Il y a aujourd’hui 600000 Israéliens qui vivent au-delà de la « ligne verte ». Les évacuer coûterait 20% de PIB à l’occupant. Vouloir ressusciter Oslo en martelant des slogans comme « deux peuples, deux États » ou « un État palestinien sur la base des frontières 1967 » (pourquoi 22% de la Palestine quand ils forment 50% de la population ?) est une impasse.
L’Autorité Palestinienne n’a plus de légitimité. L’élection de son président date de 2005. Elle ne représente clairement qu’une partie parmi d’autres des Palestiniens. Elle n’est en rien l’embryon d’un futur État. Au contraire, elle maintient la fiction d’un processus qui permet à la colonisation de toujours avancer. Elle permet à l’occupant de ne pas avoir à assumer les conséquences de l’occupation.

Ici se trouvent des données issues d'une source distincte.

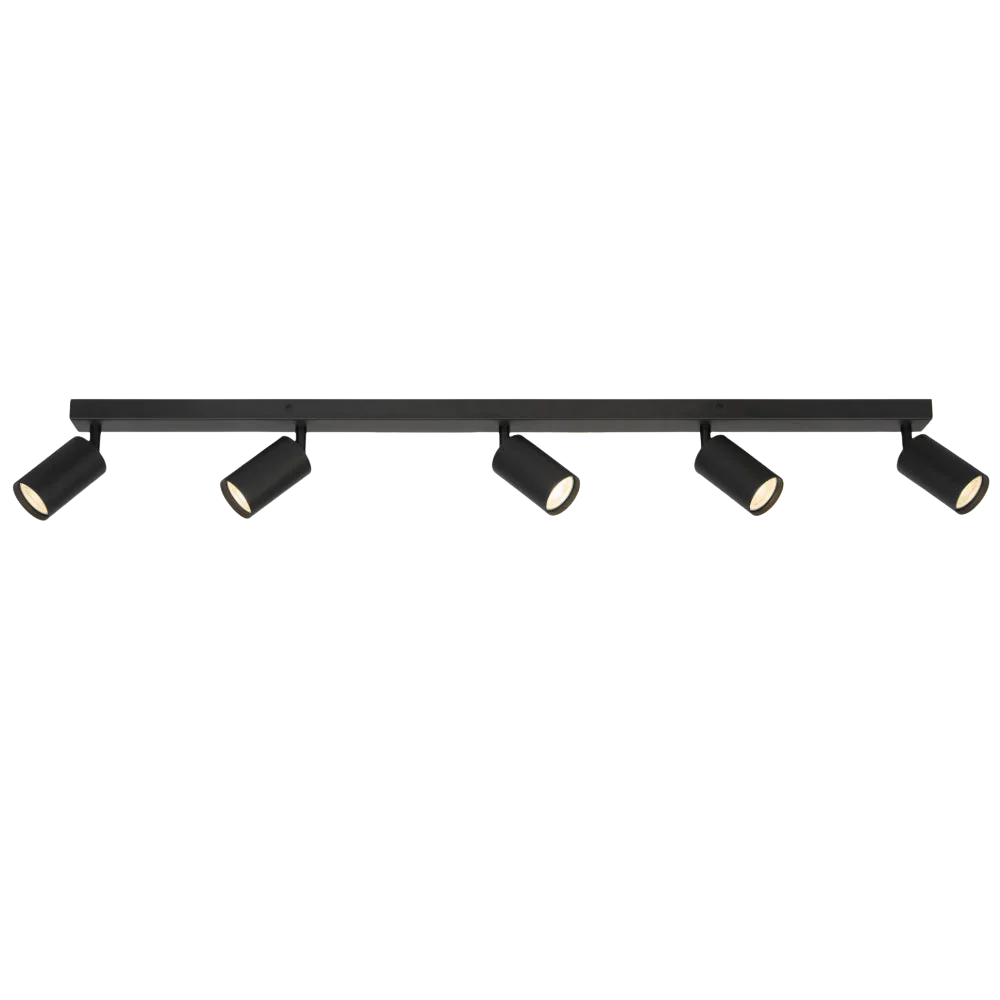 Telbix Picard 5 Light Spotlight Black - Image 3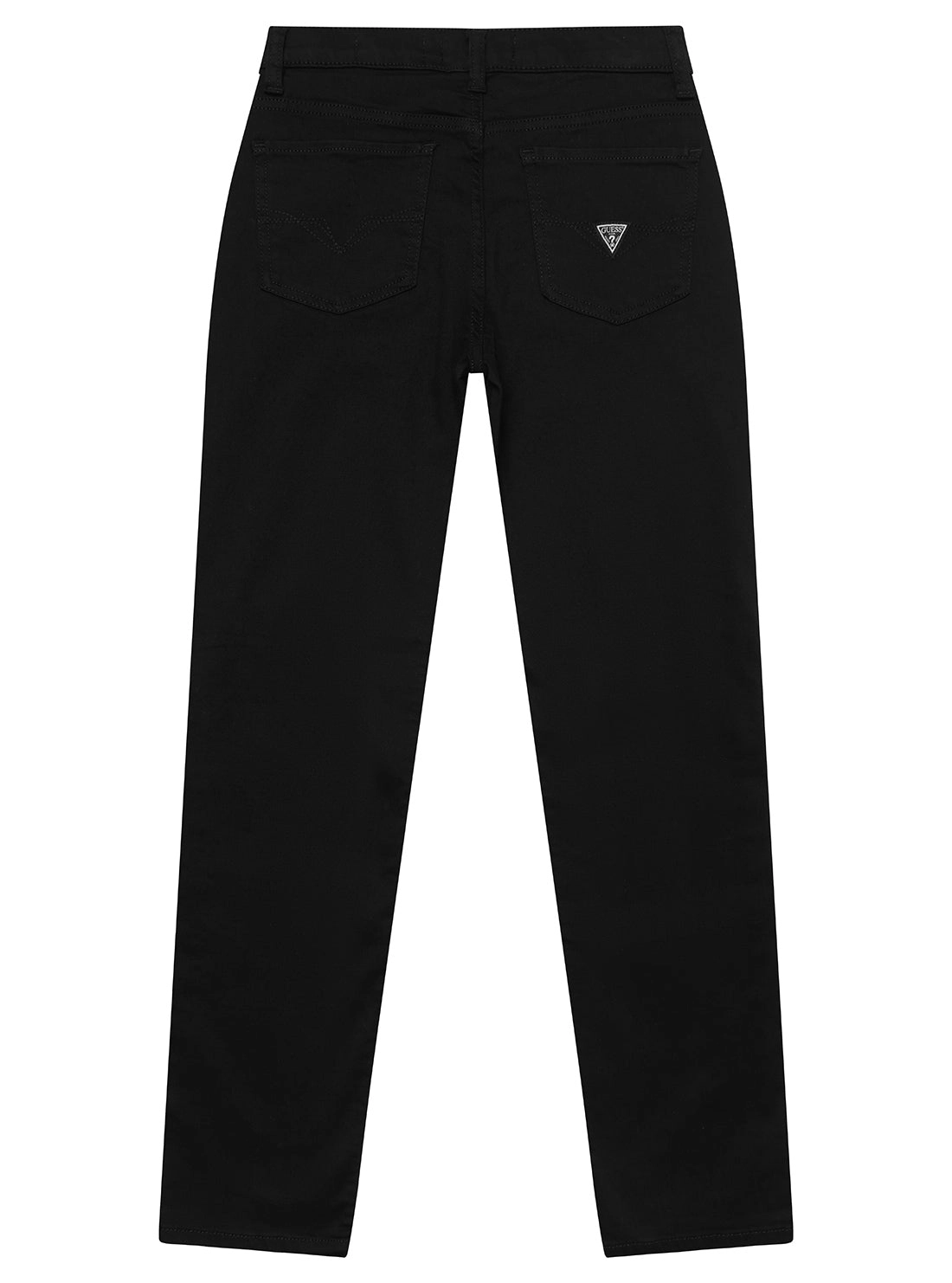 Black Denim Straight Pants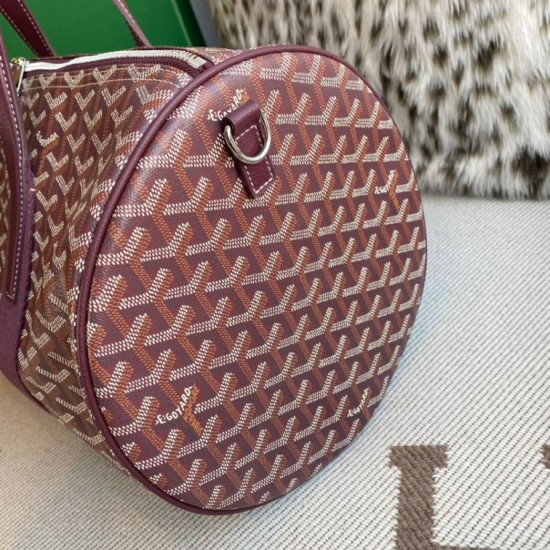 Premio Replica Borsa sportiva classica Goyard Barrel 40 Bordeaux False Online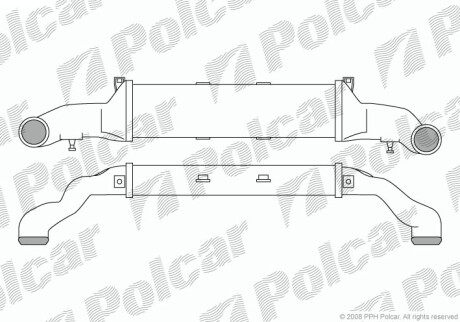 Радіатори повітря (Інтеркулери) Polcar 5002J8-1 (фото 1)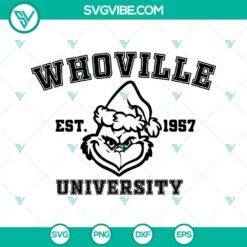 Whoville University SVG Download Bundle, Grinch Whoville University SVG File, 7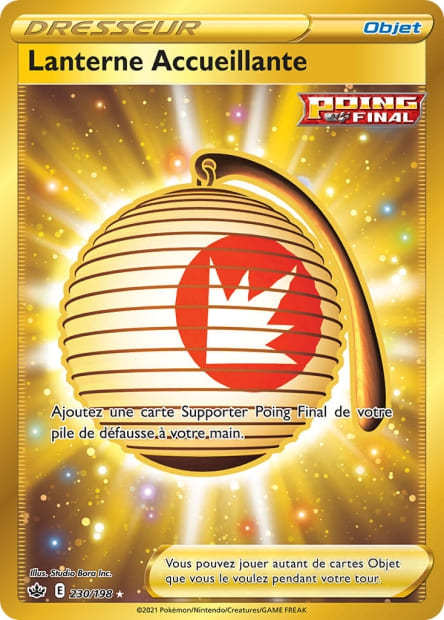 Carte Pokémon Lanterne Accueillante 230/198 CRE EB06 LorenZone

La mise en sommeil de l’OLP qui représentait la Palestine dans toute sa diversité est un manque terrible.
On est entré de fait dans une nouvelle période : une lutte antiapartheid et pour l’égalité des droits sur un espace unique où les dominés forment 50% de la population. Cette résistance sera longue. Elle passe par la délégitimation d’un État raciste coupable du crime d’apartheid, par des sanctions et par le boycott.